Nonato Guedes
Achando poucos os graves problemas com que se debate o Brasil, entre os quais o inexplicável derramamento de óleo poluente em praias do litoral do Nordeste, o que tem causado apreensão generalizada e retração do turismo, por razões óbvias, o presidente Jair Bolsonaro, em passeio pelo exterior, achou por bem meter a colher nas eleições presidenciais de um país vizinho – a Argentina, onde a chapa peronista encabeçada por Alberto Fernández e integrada por Cristina Kirchner logrou ser vitoriosa contra o atual presidente Maurício Macri, em primeiro turno. “Lamento. Eu não tenho bola de cristal mas acho que a Argentina escolheu mal”, obtemperou Bolsonaro em conversa com jornalistas, antes de partir dos Emirados Árabes Unidos, sinalizando que não se dispunha sequer a felicitar o mandatário.

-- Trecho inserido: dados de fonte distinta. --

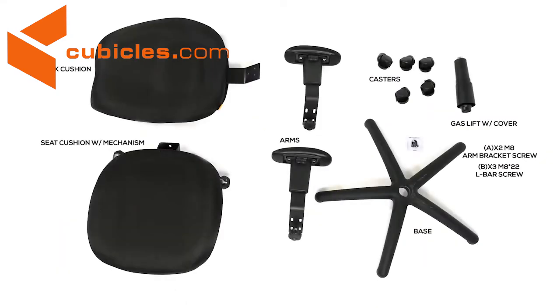Before beginning assembly of your office chair, make sure you have all your parts and hardware.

Bolsonaro tinha lá suas razões para algum tipo de desconforto, como o ostensivo posicionamento do candidato Fernández a favor da liberdade do ex-presidente Luiz Inácio Lula da Silva, do PT, que aniversariou no domingo, dia em que o futuro da Argentina foi decidido nas urnas. Houve, também, a ida de parlamentares da esquerda brasileira à Argentina, como estratégia para se aproximar do novo governo e, assim, ganhar um aliado na batalha pela libertação de Lula. Em termos diplomáticos, Bolsonaro foi infeliz, deselegante e mal-educado. Afinal de contas, não lhe cabe ingerir na manifestação de voto do eleitorado argentino – onde ele não tem domicílio eleitoral, da mesma forma como não caberia ao governo da Argentina imiscuir-se na eleição presidencial de 2018 no Brasil, em que o capitão reformado derrotou o candidato Fernando Haddad, “ventríloquo” do ex-presidente Lula, que cumpre pena na Superintendência da Polícia Federal em Curitiba.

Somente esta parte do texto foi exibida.